What to produce:
In the entries below, find the line containing "6, ROYAL OAK" and the line containing "Master Knife Care Bundle". Copy those two lines and everything between them exactly, without the pictures.

Extracted data:
______________________________

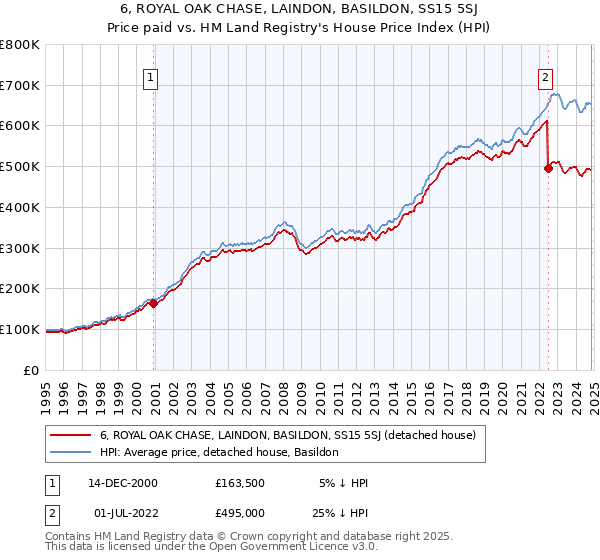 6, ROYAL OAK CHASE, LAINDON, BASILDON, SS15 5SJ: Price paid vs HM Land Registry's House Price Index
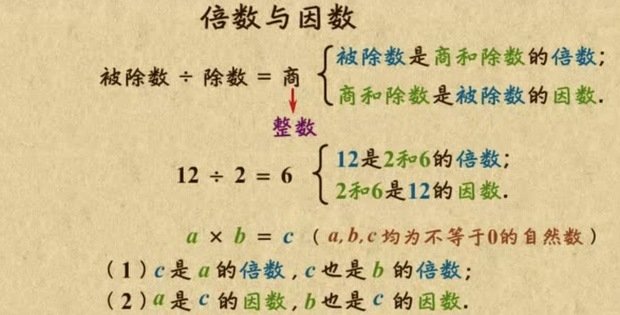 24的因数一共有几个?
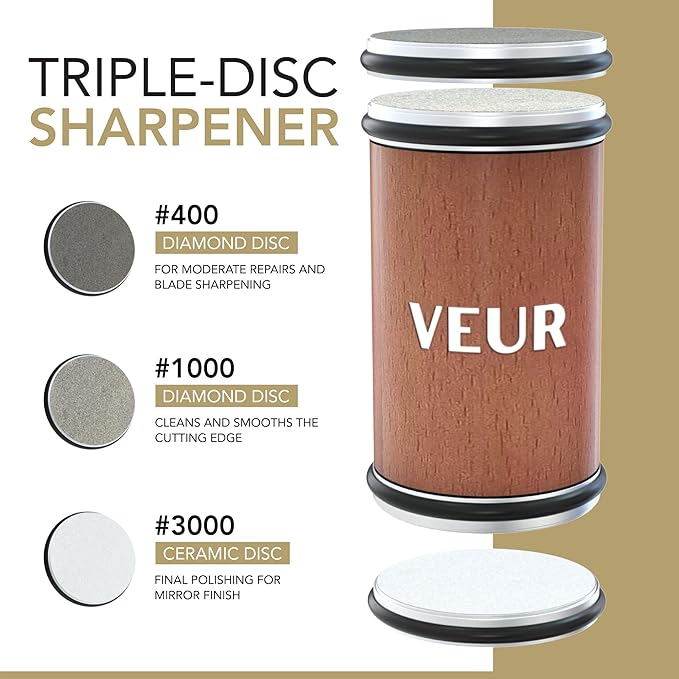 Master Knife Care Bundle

______________________________

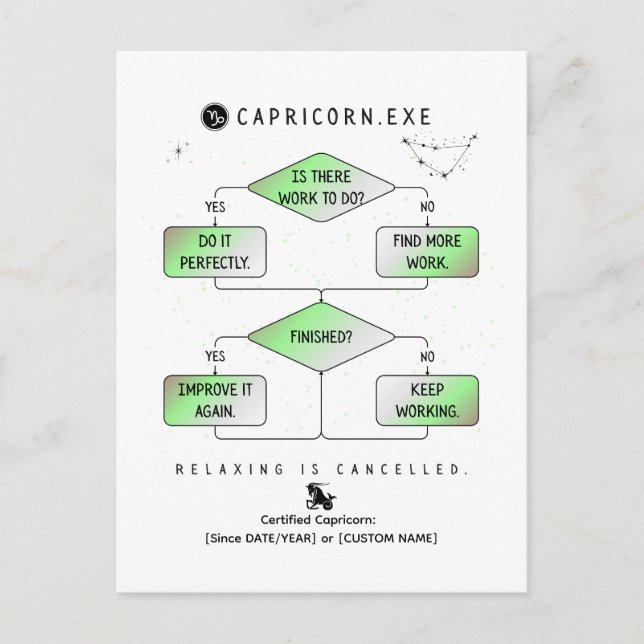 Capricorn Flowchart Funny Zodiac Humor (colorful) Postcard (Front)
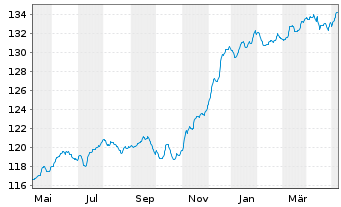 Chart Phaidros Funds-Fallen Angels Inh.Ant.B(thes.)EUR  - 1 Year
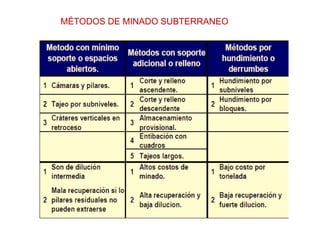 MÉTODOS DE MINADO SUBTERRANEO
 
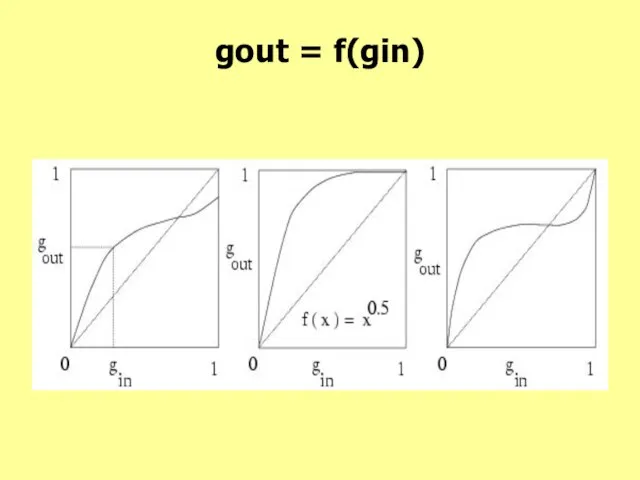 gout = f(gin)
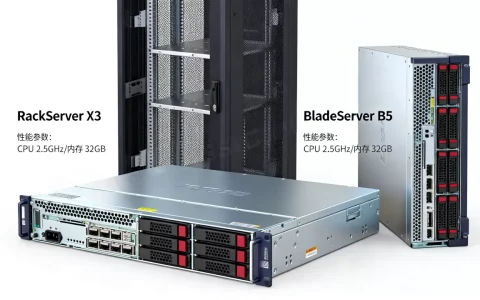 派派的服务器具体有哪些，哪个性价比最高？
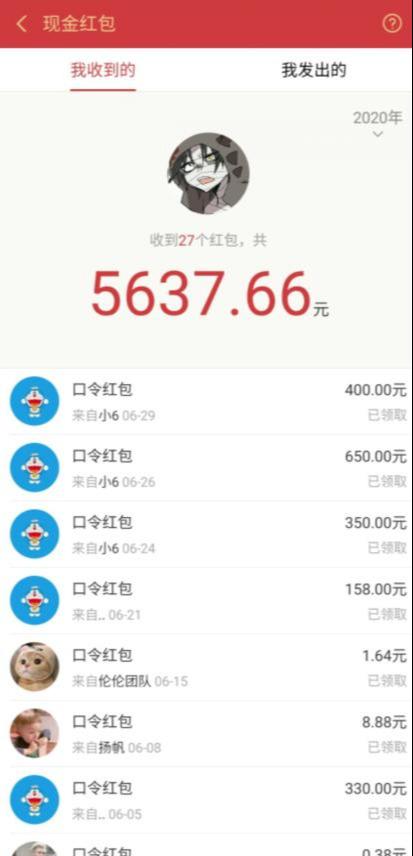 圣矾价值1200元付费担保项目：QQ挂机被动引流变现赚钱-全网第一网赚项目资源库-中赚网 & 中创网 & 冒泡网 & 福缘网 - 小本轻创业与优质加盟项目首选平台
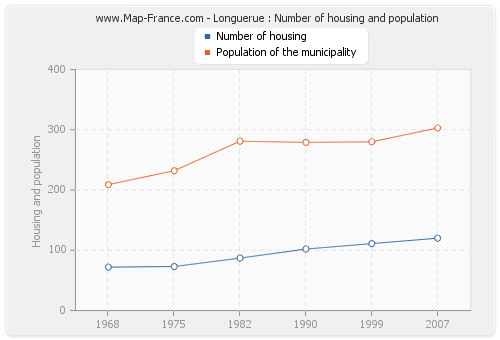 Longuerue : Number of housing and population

______________________________

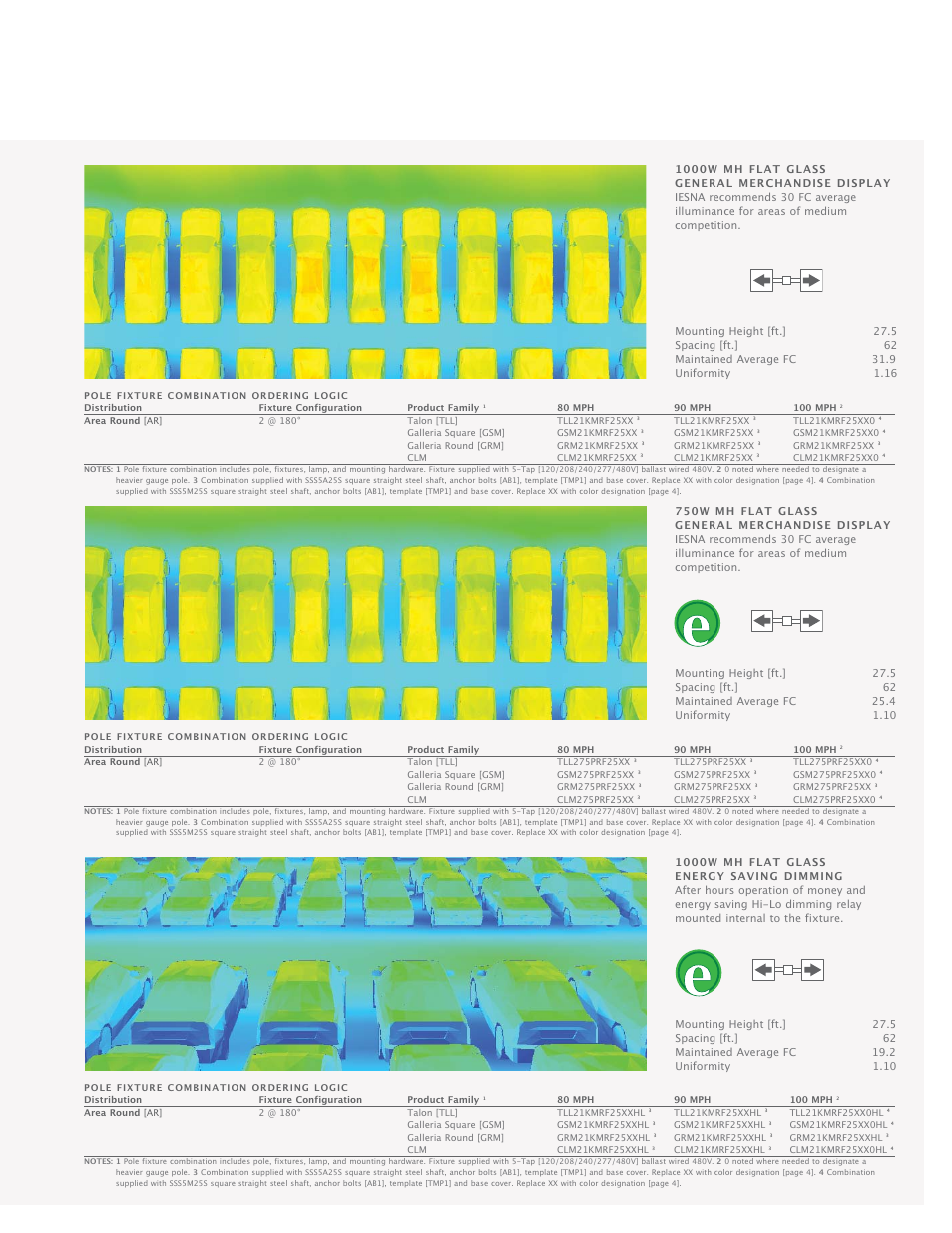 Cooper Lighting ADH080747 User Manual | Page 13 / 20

______________________________

Reply:
 6, ROYAL OAK CHASE, LAINDON, BASILDON, SS15 5SJ: Price paid vs HM Land Registry's House Price Index
 24的因数一共有几个?
 Master Knife Care Bundle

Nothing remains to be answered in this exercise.